Whoever said money can't buy happiness simply didn't know where to go shopping.
Gertrude Stein
Magical retail concepts are both rare and wonderful - think Fred Segal or American Rag in the early days, the first Apple stores, Nebraska Furniture Mart, Buc-ee’s, or the Cartier 5th Avenue Mansion.
In the retail sea of sameness, the remarkable is fleeting - FAO Schwartz and Henri Bendel captured the magic for a time - but it’s rare to see someone hold on for decades.
Enter Kuhl-Linscomb:
For the past twenty years this home furnishings/everything store has morphed and grown to dominate three city blocks of central Houston and the wallets of both the River Oaks Range Rover crowd and the fabulous Montrose set.

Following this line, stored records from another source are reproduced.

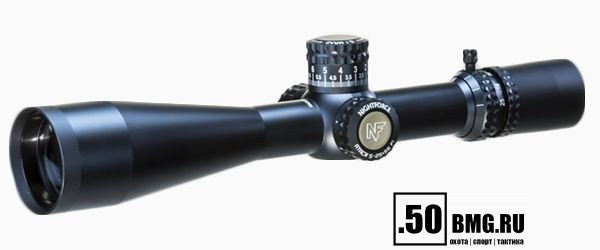 Оптический прицел Nightforce ATACR 5-25×56 F1 Mil-R (C546)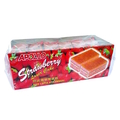  APOLLO Layer Cake 24's x 18g - Strawberry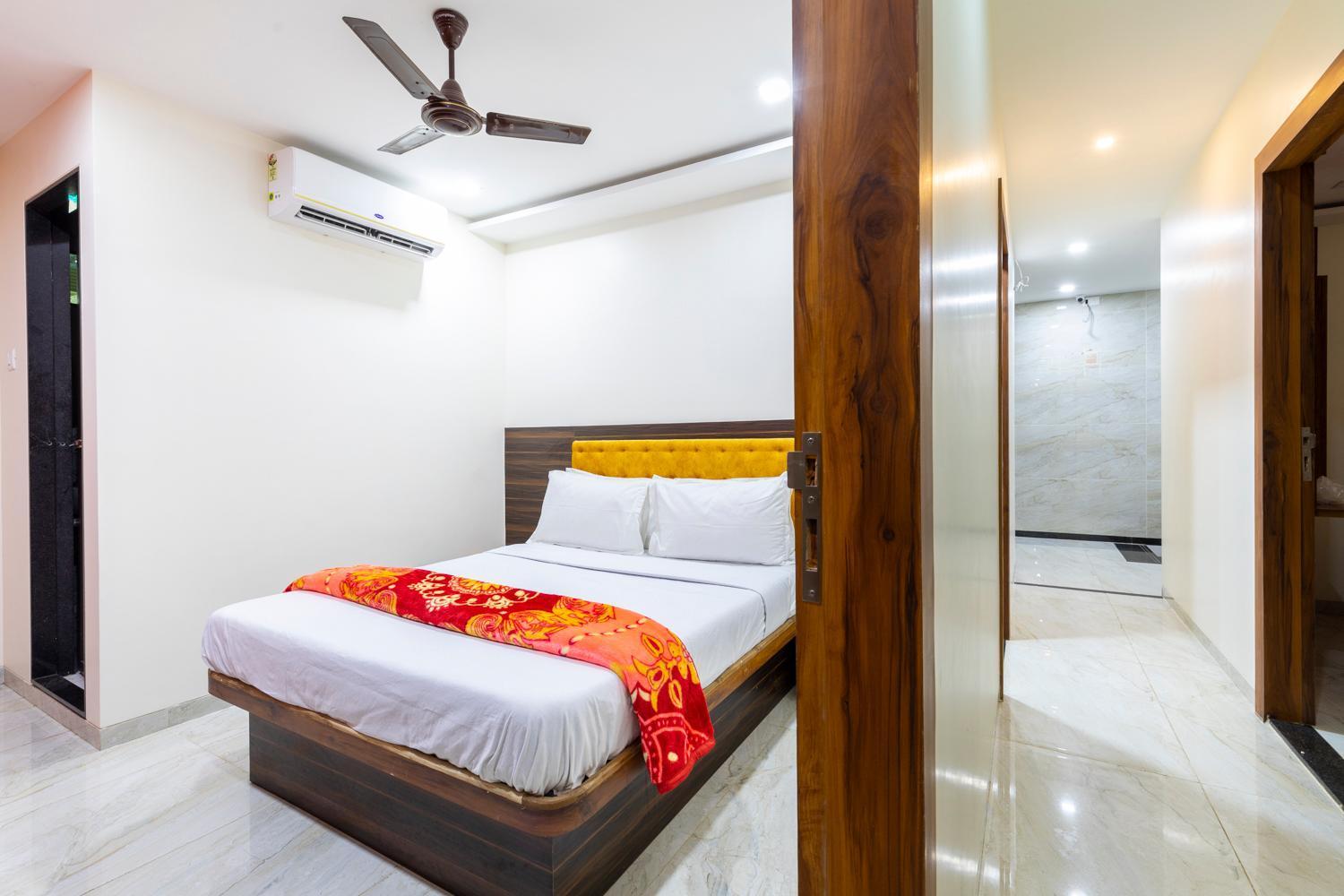 Hotel Samrat Palace Mumbai Exterior photo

From Mast Brothers chocolate to Pendleton blankets to Paul Smith readers to Sferra linens to Diptyque candles to John Derian stationery, Pam Kuhl-Linscomb has you covered.
She’s created a retailing marvel - helping stylish shoppers part with their money, whether it’s $38 for a Yeti tumbler or $380,000 for a Hastens Grand Vividus mattress.
The store - or better yet, stores - are a casino-like maze winding through a collection of five buildings:
Houston is a heaving beast of a city - a place that got so big the sprawl turned back on itself and like an incoming flood tide it’s reshaping what was there before. There’s money and grit and ethnicity and style and good food but it’s invisible without dissecting the details.
A cursory inspection reveals only highways, glass high rises, and signs for strip malls and strip clubs. Get in close, though, and pick through the flotsam and jetsam and there’s good stuff. Really good stuff, like Kuhl-Linscomb.
My pal, real estate re-developer, and Houstonian Alexander Ron says:
“Houston is an acquired taste, but if you acquire the taste for it, you never want to leave.”
Kuhl-Linscomb has that effect - on the moneyed class, anyway,
What’s the exit strategy for a business like Kuhl-Linscomb?
Who cares.
The most beautiful feature of the business is that it owns 120,000 square feet of choice Sunbelt land.
Located at the intersection of rich and dense.
When the time is right, I imagine they’ll fetch somewhere north of $300 per square foot for their property.
$36,000,000.
There won’t be coupons, discounts, or a buy one/get one. The last Kuhl-Linscomb sale will be their best ever.